Suave sequel: birth of a new genre

Before Sunset is a movie that may look superficial, romantic, weepy, and crowd-pleasing but on the contrary is original, smart, analytical, and challenging. It stands by itself but it’s richer seen in relation to Before Sunrise, made nine years earlier, of which it’s the subtler sequel. The characters and the actors are older, more experienced and more sophisticated. It’s got a documentary element, reminiscent of Michael Apted’s wonderful 7 Up, 14 Up, series, in which Apted revisits the same cross section of English people every seven years: it’s about two people who’ve grown older and have different lives. Julie Delpy and Ethan Hawke, who also starred in Before Sunrise, don’t have to pretend to be nine years older in this (fictional) sequel; they are. They’re only thirty-three now, but Hawke has the ravaged gauntness his breakup with Uma Thurman seems to have imposed on him; he's soulful, tempered, no longer the bright-eyed boy. Delpy is more mature, less angelic, more businesslike, but still beautiful.

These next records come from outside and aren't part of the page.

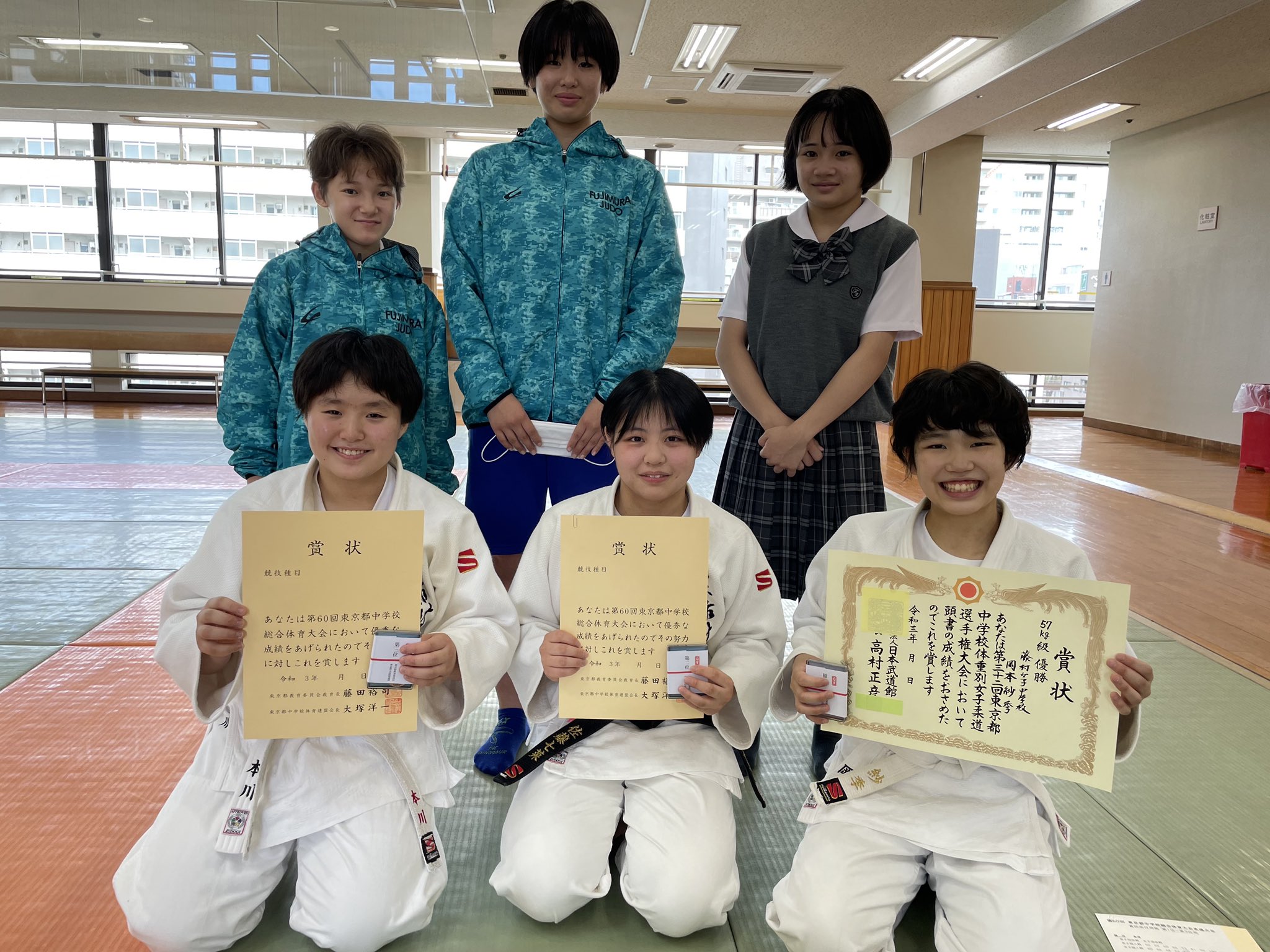 藤村女子中学高等学校 柔道部試合報告 本日 東京都中学校体重別選手権が講道館にて行われました 57kg岡本紗季が優勝を果たし 8月の全国中学 関東中学への出場が決まりました 63kg佐藤七菜は準優勝で 関東中学進出となりました T Co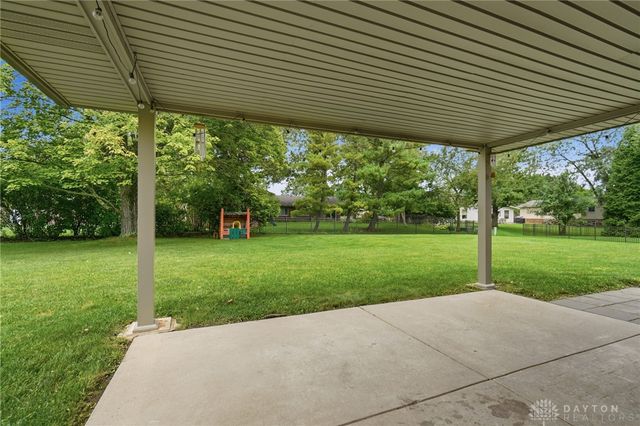 881 Lyncreek Drive, Washington Twp, OH 45458
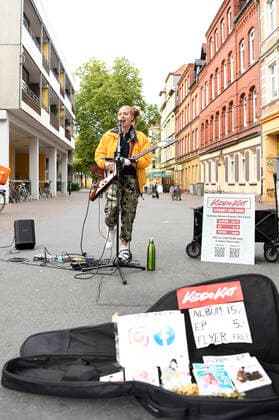 Kiddo Kat plays a street concert as part of her Street Gig Tour during the Corona Pandemic at Limmerstraße Hannover, 05 10 2020 Foto:xC.xNiehausx xFuturexImage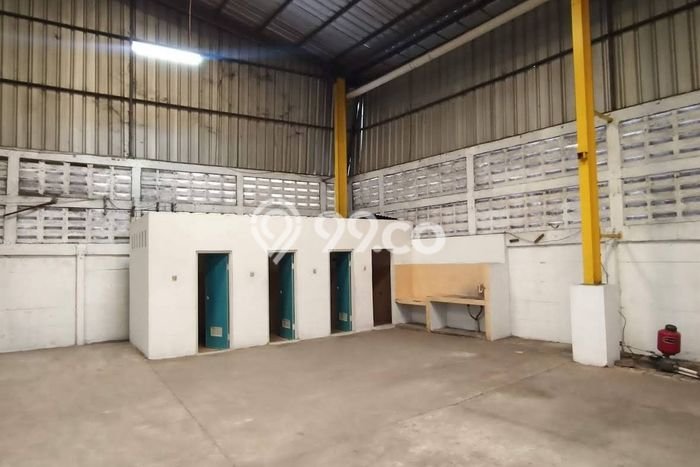 Unit Gudang Disewa Lokasi Cipondoh, Tangerang Spesifikasi Luas Bangunan 1000m2 Unit Gudang Disewa Lokasi Cipondoh, Tangerang Spesifikasi Luas Bangunan 1000m2
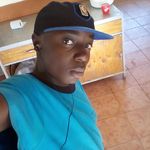 Job Robert Esendi - @roberto_eserndir - Instagram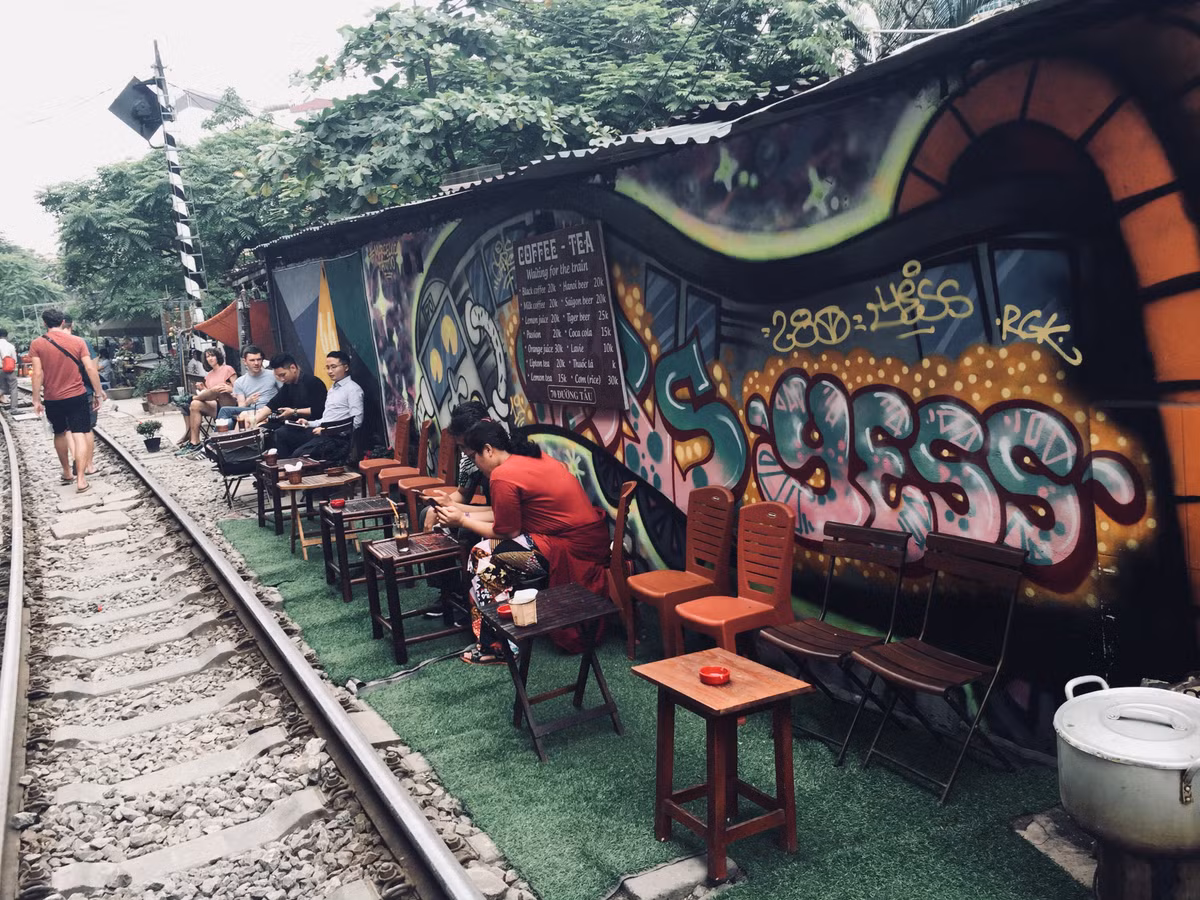 Nhiều ý kiến cho rằng nên có biện pháp đảm bảo an toàn và có tổ chức để biến nơi đây thành điểm du lịch.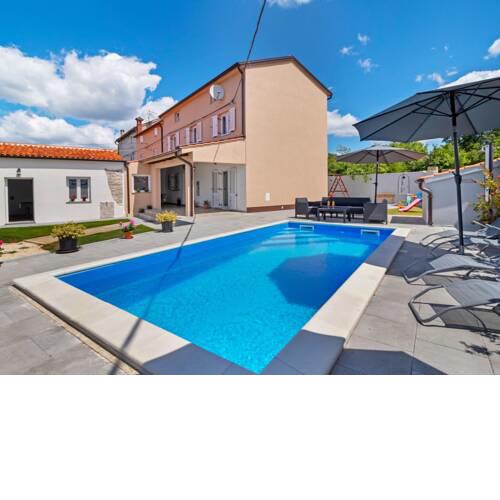 Comfy Holiday Home in Smoljanci with Private Terrace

Before Sunset is a leaner film than Before Sunrise. It’s real-time, and without frills. Venues or backgrounds are simpler. Jesse and Céline largely just walk and talk. But it's all in reference to that earlier experience. The pair have a history. They live in the present, but their dialogue also implies a Proustian pursuit of "Lost Time."

In these nine years Hawke and Delpy have become more accomplished actors; they're less self-conscious, but more self-aware. The talk flows more effortlessly. The continuity of the scenes is a seamless tour de force almost as if this were all a single take like Sokorov's Russian Ark.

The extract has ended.